📌 Operating principle:
Page analysis and data collection is performed using Selenium and BeautifulSoup. Links are collected and checked for uniqueness relative to the current date, after which they are saved to the database, excluding duplicates. Each unique URL is processed to extract information about cars and sellers. The data is saved to the database and updated as needed.
📌 Advantages of use:
• Automation: Eliminates the need for manual analysis of a large number of pages and ads.
• Time saving: Fast data collection using Selenium and BeautifulSoup.
• Flexibility: The script can be configured to work with any section of the AutoRia website and any search parameters by substituting the appropriate link.

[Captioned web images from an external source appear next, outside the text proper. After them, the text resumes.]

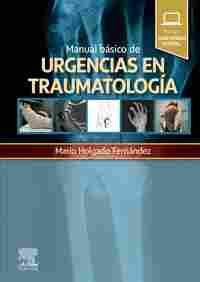 MANUAL BÁSICO DE URGENCIAS EN TRAUMATOLOGÍA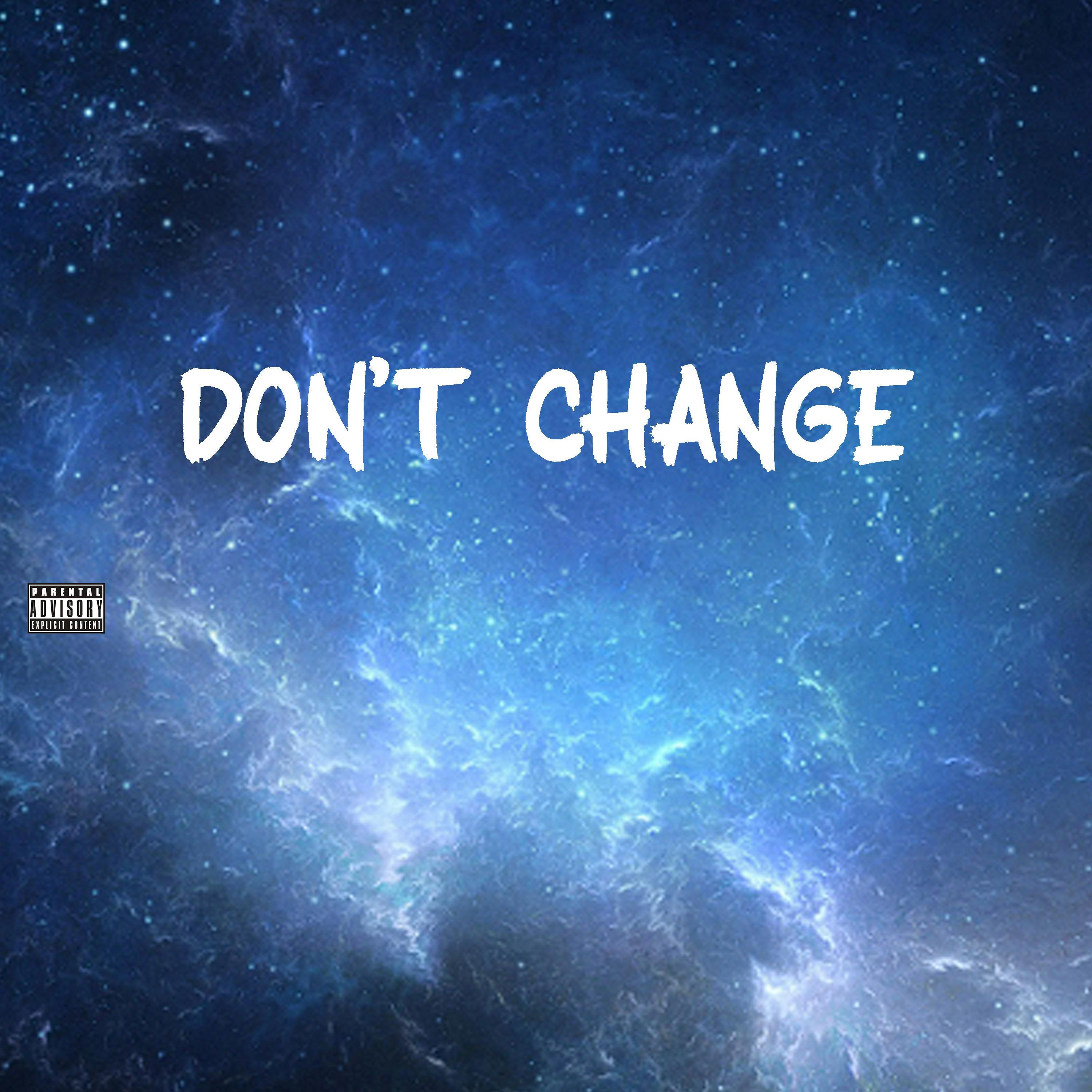 Don't change (feat. Notti Osama, DD Osama, Sugarhill Ddot & MelBinBuggin)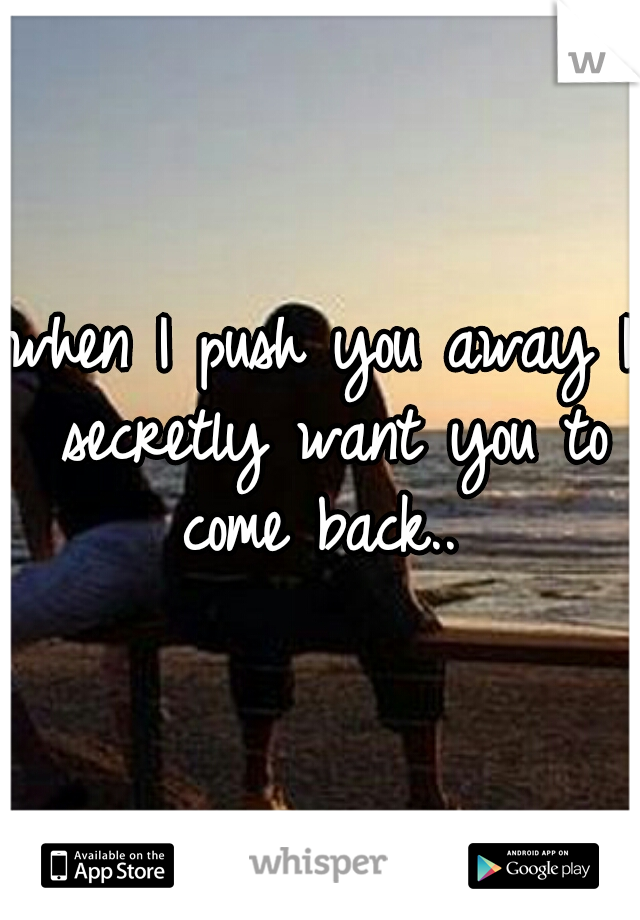 when I push you away I secretly want you to come back.. 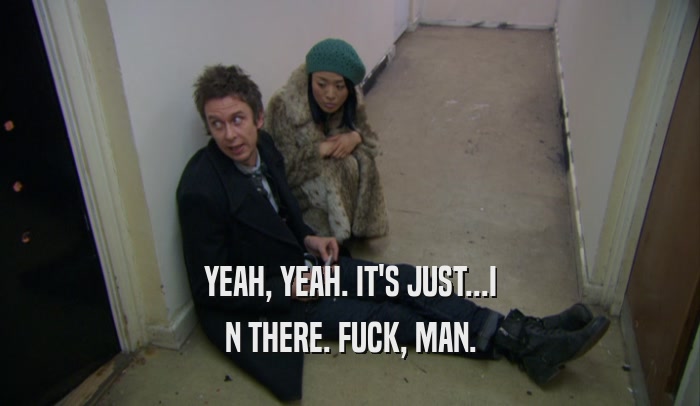 YEAH, YEAH. IT'S JUST...I N THERE. FUCK, MAN. 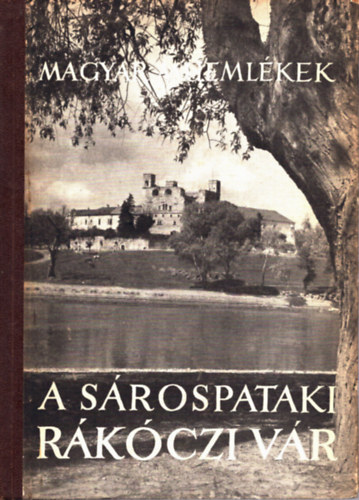 A srospataki Rkczi vr (magyar memlkek)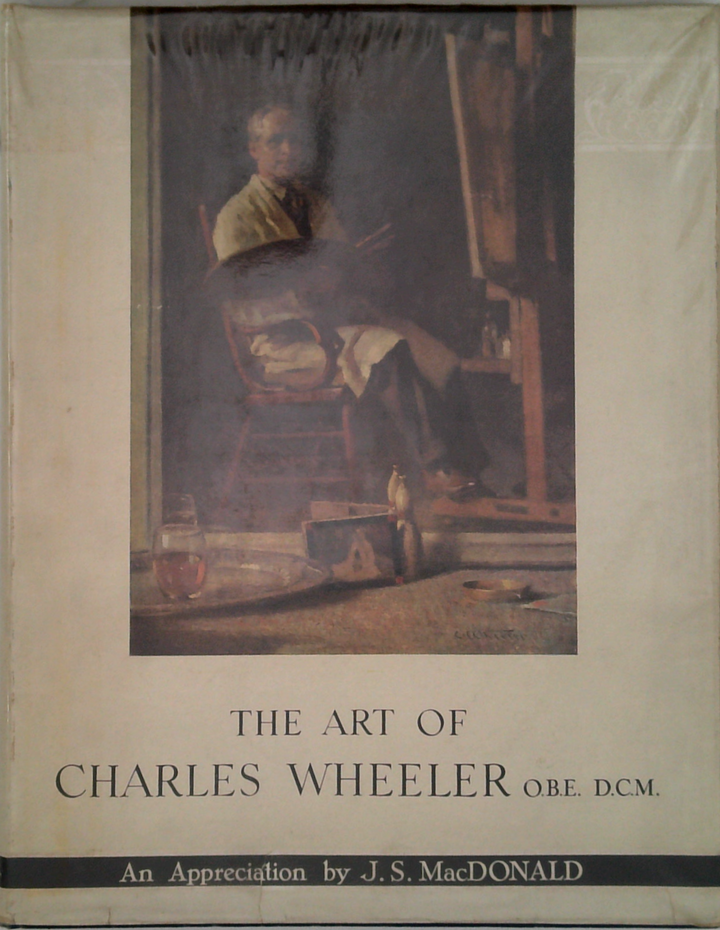 The Art of Charles Wheeler O.B.E. D.C.M.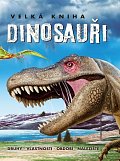 Velká kniha Dinosauři - Druhy, vlastnosti, období, naleziště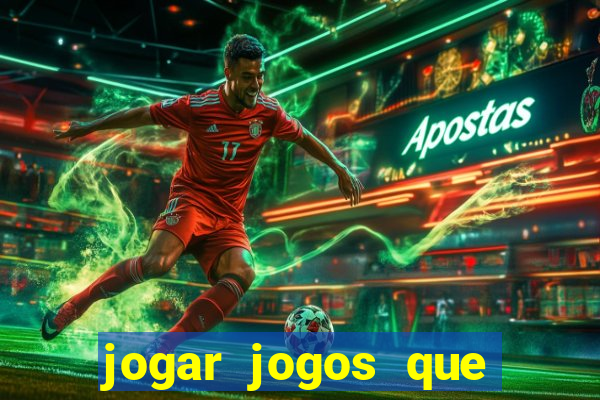 jogar jogos que ganha dinheiro de verdade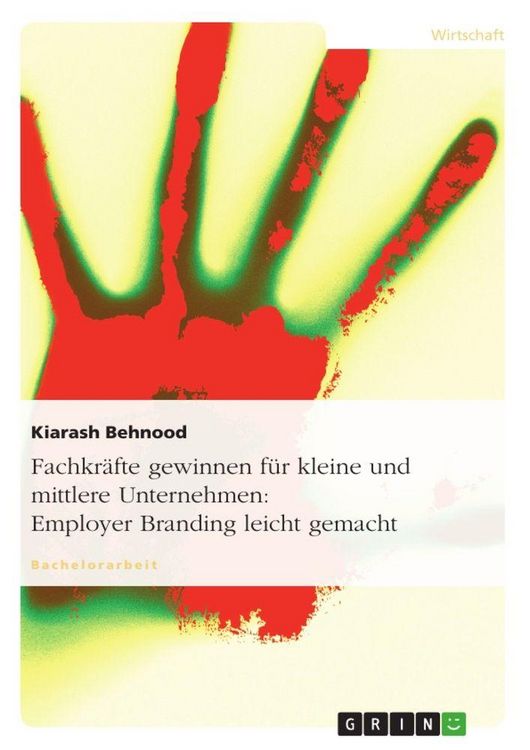 Produktbild: Fachkr&auml;fte gewinnen f&uuml;r kleine und mittlere Unternehmen: Employer Branding leicht gemacht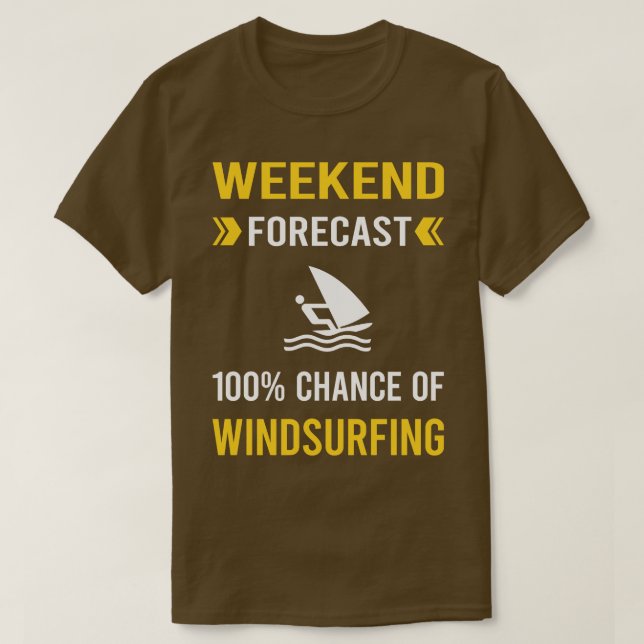 Wochenende Vorhersage Windsurfen Windsurfen Windsu T-Shirt (Design vorne)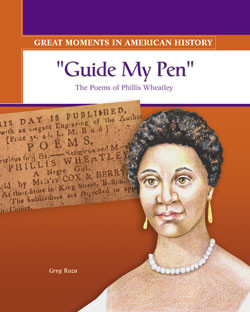 "Guide My Pen" (Poet Phillis Wheatley Gets Published) by Greg Roza, 9780823943814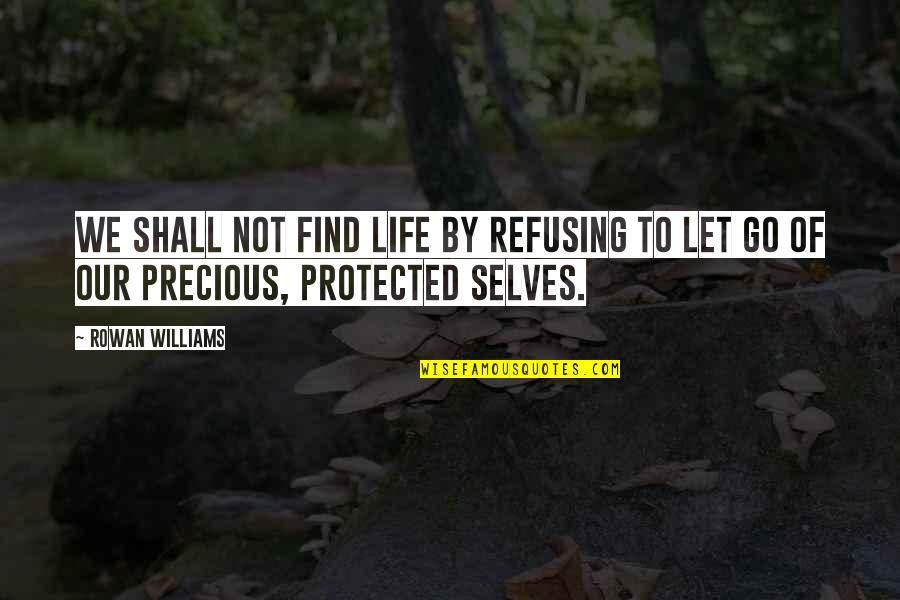 Remain Ignorant Quotes By Rowan Williams: We shall not find life by refusing to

• Data relevance: Information can be updated daily, and old records can be additionally analyzed relative to new ones.
• Analytics: The collected data allows for an in-depth analysis of the car market.
• Market Analysis: Identifying market prices, popular models, average car specifications.
• Marketing: Helping sellers set competitive prices.
• Research: Using data to study market trends.
• App Development: Integrating data into car comparison apps.
-
Clone this repository:
git clone https://github.com/lazycatcoder/AutoRiaDataParser.git
-
Install dependencies:
pip install -r requirements.txt
-
Download ChromeDriver for your version of Chrome browser from the official website. Specify the path to the driver in the driver variable:
driver = webdriver.Chrome(executable_path=r"D:\chromedriver.exe", options=options)
-
Set the parsing link in the base_url variable:
base_url = "https://auto.ria.com/search/..."
-
In the DB_PATH variable, specify the path to the location of the database file:
DB_PATH = r"D:\AR_data.db"
Also in this repository there is a script "CSV_Converter.py" which provides the functionality to convert database data to a CSV file. Before running, make sure that the DB_PATH variable is correctly set to the location of your database. Run the script. Upon successful execution, the CSV file will be created in the same directory as the database.